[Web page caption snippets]
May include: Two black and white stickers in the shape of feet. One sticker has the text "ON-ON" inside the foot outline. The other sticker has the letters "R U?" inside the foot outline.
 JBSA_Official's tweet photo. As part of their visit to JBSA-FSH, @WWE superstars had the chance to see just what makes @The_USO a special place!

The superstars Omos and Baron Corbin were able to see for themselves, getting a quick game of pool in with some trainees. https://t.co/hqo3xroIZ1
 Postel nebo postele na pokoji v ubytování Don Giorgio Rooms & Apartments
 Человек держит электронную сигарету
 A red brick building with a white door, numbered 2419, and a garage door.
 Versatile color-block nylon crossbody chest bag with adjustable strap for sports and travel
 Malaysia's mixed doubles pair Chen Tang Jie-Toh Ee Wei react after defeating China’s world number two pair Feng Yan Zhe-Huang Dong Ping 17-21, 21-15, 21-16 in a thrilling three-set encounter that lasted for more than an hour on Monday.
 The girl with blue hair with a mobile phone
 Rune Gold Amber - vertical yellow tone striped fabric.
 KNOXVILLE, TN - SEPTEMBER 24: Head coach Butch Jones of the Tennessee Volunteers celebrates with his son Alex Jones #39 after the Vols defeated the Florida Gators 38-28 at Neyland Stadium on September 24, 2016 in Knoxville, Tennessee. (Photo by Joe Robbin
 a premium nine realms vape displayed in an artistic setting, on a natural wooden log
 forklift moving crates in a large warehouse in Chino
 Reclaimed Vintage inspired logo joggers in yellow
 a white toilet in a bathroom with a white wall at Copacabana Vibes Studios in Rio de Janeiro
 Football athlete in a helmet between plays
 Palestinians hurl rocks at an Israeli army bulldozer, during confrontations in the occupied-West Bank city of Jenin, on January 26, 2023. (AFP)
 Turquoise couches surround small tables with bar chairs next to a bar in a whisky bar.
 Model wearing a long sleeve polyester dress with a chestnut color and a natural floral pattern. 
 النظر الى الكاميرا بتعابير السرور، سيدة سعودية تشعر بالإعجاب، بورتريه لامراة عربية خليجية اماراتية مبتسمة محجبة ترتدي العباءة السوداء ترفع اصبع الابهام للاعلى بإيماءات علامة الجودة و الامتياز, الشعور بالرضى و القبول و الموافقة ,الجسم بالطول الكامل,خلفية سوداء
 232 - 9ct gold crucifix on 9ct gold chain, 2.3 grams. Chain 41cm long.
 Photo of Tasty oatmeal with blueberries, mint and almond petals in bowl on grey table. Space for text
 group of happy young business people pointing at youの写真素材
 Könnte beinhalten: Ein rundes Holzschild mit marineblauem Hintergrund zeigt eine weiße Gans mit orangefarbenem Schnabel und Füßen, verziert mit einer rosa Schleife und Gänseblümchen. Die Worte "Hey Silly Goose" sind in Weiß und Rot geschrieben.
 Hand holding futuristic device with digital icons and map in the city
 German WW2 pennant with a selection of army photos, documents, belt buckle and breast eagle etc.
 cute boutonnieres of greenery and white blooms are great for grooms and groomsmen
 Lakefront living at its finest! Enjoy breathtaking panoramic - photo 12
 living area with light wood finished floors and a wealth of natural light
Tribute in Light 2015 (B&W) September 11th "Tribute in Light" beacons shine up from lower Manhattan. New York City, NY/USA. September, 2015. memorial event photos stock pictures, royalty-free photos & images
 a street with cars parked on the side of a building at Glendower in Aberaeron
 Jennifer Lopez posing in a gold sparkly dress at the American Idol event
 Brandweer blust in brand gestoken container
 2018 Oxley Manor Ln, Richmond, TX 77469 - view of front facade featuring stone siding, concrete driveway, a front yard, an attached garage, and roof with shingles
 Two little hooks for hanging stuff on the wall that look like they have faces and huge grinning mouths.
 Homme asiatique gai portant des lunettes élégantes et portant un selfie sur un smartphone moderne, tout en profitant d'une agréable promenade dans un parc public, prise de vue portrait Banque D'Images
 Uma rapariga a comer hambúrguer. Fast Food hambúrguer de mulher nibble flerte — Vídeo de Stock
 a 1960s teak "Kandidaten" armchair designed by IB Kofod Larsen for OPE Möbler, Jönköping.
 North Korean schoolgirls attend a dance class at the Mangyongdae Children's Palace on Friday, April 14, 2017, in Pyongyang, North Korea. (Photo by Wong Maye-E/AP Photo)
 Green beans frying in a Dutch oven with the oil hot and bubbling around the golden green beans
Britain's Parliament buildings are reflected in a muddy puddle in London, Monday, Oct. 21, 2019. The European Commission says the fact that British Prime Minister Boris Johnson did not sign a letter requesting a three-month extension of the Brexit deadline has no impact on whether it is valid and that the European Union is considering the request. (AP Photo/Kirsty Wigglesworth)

* [Directions] All lines in the records with the string "color" should be copied out.

* [Reply to the exercise]
 Versatile color-block nylon crossbody chest bag with adjustable strap for sports and travel
 Model wearing a long sleeve polyester dress with a chestnut color and a natural floral pattern. 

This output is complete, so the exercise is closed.